## EXERCISE DESCRIPTION
Would you restate, exactly as they appear, the lines from the one containing "Men's Street Style" through the end of the data below?

## RAW DATA
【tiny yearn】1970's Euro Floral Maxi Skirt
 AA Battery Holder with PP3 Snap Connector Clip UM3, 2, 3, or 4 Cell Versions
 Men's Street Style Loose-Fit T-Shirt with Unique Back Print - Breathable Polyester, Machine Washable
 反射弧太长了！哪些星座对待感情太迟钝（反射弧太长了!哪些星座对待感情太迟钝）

## YOUR SOLUTION
 Men's Street Style Loose-Fit T-Shirt with Unique Back Print - Breathable Polyester, Machine Washable
 反射弧太长了！哪些星座对待感情太迟钝（反射弧太长了!哪些星座对待感情太迟钝）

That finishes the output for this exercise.